SZ-Weihnachtslied:"Mensch, erbarme Dich"

Marc Sinan mit der Musikerin Raushan Orazbaeva.

Marc Sinan (links) mit der kasachischen Musikerin Raushan Orazbaeva. Ihr Instrument ist die zweisaitige Kobys.

(Foto: Helmut Mauró)

Gesungene Freude ist vielfache Freude - sie schließt Leidende und Flüchtende ein. Der deutsch-türkisch-armenische Komponist Marc Sinan nimmt Heiligabend zum Anlass sich dessen zu besinnen - in einem Weihnachtslied, das er eigens für die SZ komponiert hat. Hören Sie rein, oder spielen Sie es nach!

Von Helmut Mauró

Der deutsch-türkisch-armenische Komponist Marc Sinan versucht mit seinen Multimedia-Projekten wie etwa "Hasretim" (auf DVD bei ecm), "Dede Korkut" und "Komitas" (Premiere kommenden April im bayerischen Irsee, weitere Aufführungen im Berliner Gorki-Theater) einen schwierigen Spagat zwischen kulturübergreifender Kunst und Verständigungspolitik.

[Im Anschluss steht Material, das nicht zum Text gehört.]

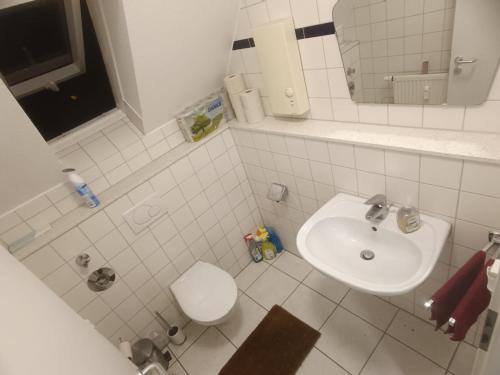 a white bathroom with a sink and a toilet at Komm ins Mildewarme Dachgeschoß in Pforzheim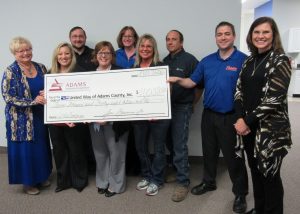 Pictured from left: Jenny Hayden, United Way of Adams County Board President; Darlene Scheuermann, Rob Miller, Kathy Bruns, Shellie Mittermeyer, Renee Hull, Jeff Weinberg, David Hess, Adams employees; and Emily Robbearts, United Way Executive Director.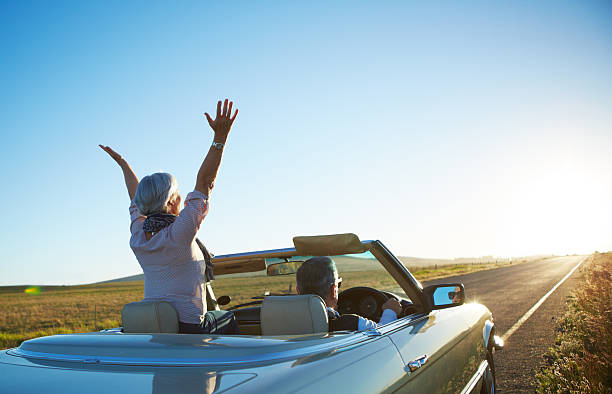 Nothing but the open road Rear view shot of a mature woman raising her hands iin the air while on a roadtrip with her husband convertible stock pictures, royalty-free photos & images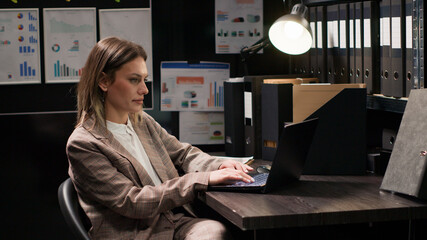 Confident female private detective investigator reviews clues in office, searching on laptop for evidence to solve crime, profile portrait of focused Caucasian policewoman using personal computer. © DC Studio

Sein Konzept ist so einfach wie wirkungsvoll: Er bringt Künstler aus den in ihm verwurzelten Kulturkreisen zusammen, lädt türkische, kasachische, usbekische, armenische Sängerinnen und Musiker nach Berlin ein zu seinen Theater-Videoperformance-Livekonzert-Produktionen. Und die sollen nicht nur einen vergnüglichen Abend bringen, sondern auch über die Vorstellung hinaus einen Geist sympathischen Miteinanders installieren.

Mensch, erbarme Dich" von Marc Sinan.

Mensch, erbarme Dich! Für Singstimme, Klavier zu vier Händen und Glockenspiel. 100 Jahre nach dem letzten friedlichen Weihnachtsfest vor dem Genozid an den Armeniern. Für alle, die auf der Flucht sind. Nach einem Motiv des armenischen Priesters und Komponisten Komitas (1869 - 1935).

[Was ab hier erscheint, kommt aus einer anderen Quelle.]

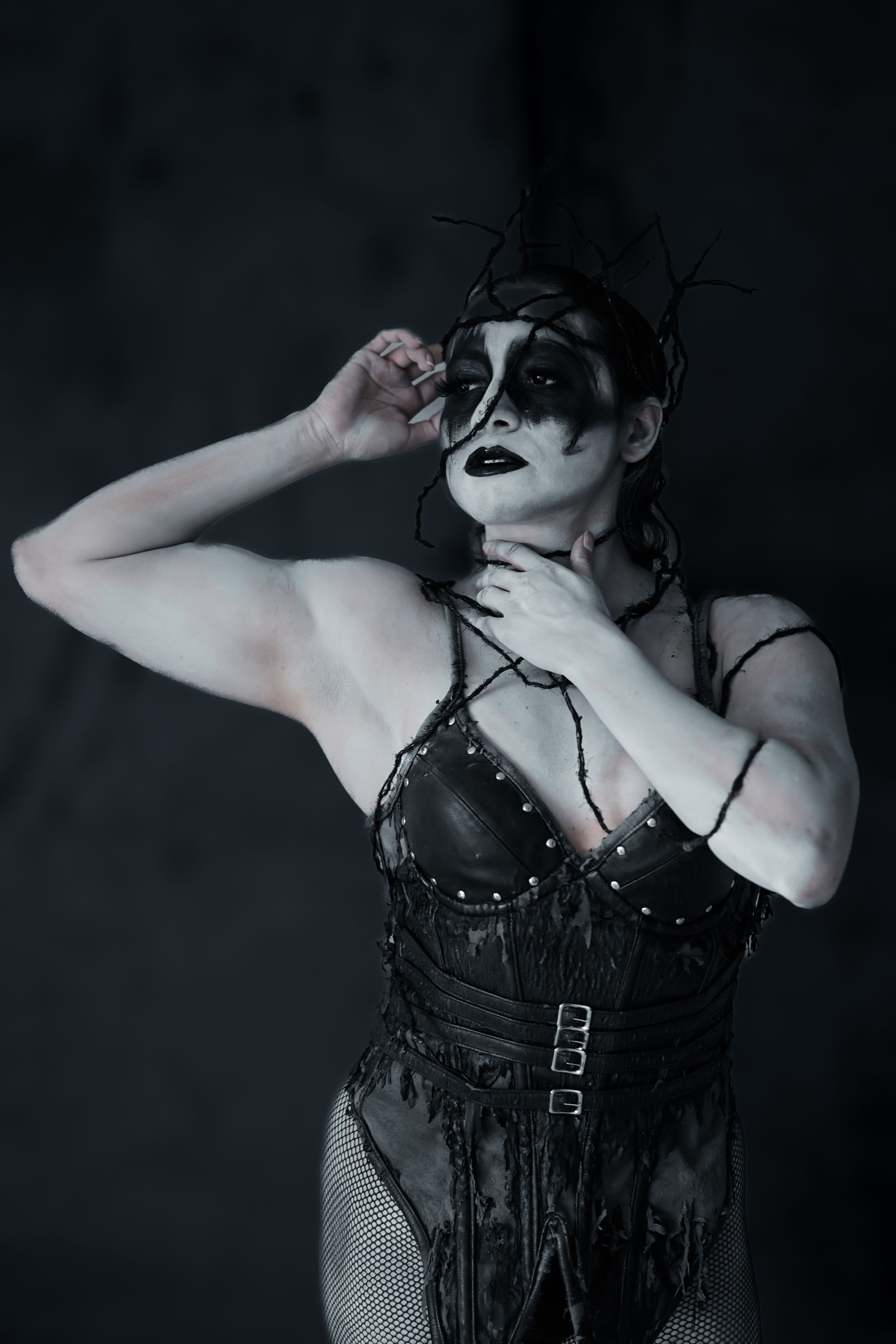 Artistic portrait of a woman with gothic face paint and intricate costume, embodying a dark theme.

(Foto: Trio Musik Edition)

Das Verstehen und Reden und zusammen Musizieren kommt dann von selbst. Man ist neugierig aufeinander geworden, und Essen, Wein und Schnaps ist genug da.

An solchen Abenden mit Marc Sinan kann man lernen, dass Jux und Dollerei und das Reden über schlimmstes Leid und Verfolgung keine Gegensätze sind, sondern sich geradezu bedingen. Und dass sich das große Rad der Politik am besten dadurch drehen lässt, dass sich viele kleine menschliche Rädchen drehen.

Insofern ist die Umdichtung des ursprünglichen "Herr, erbarme Dich" in "Mensch, erbarme Dich" nur konsequent (live gesungen auf www.sueddeutsche.de/sz-weihnachtslied). Denkt man das an den Schluss des christlichen "Vaterunser", muss man noch weitergehen: Erbarme Dich unser, wie auch wir uns unseren Mitmenschen erbarmen, die unsere Hilfe brauchen oder erbitten oder verlangen oder ohne Gegenleistung einfach einfordern.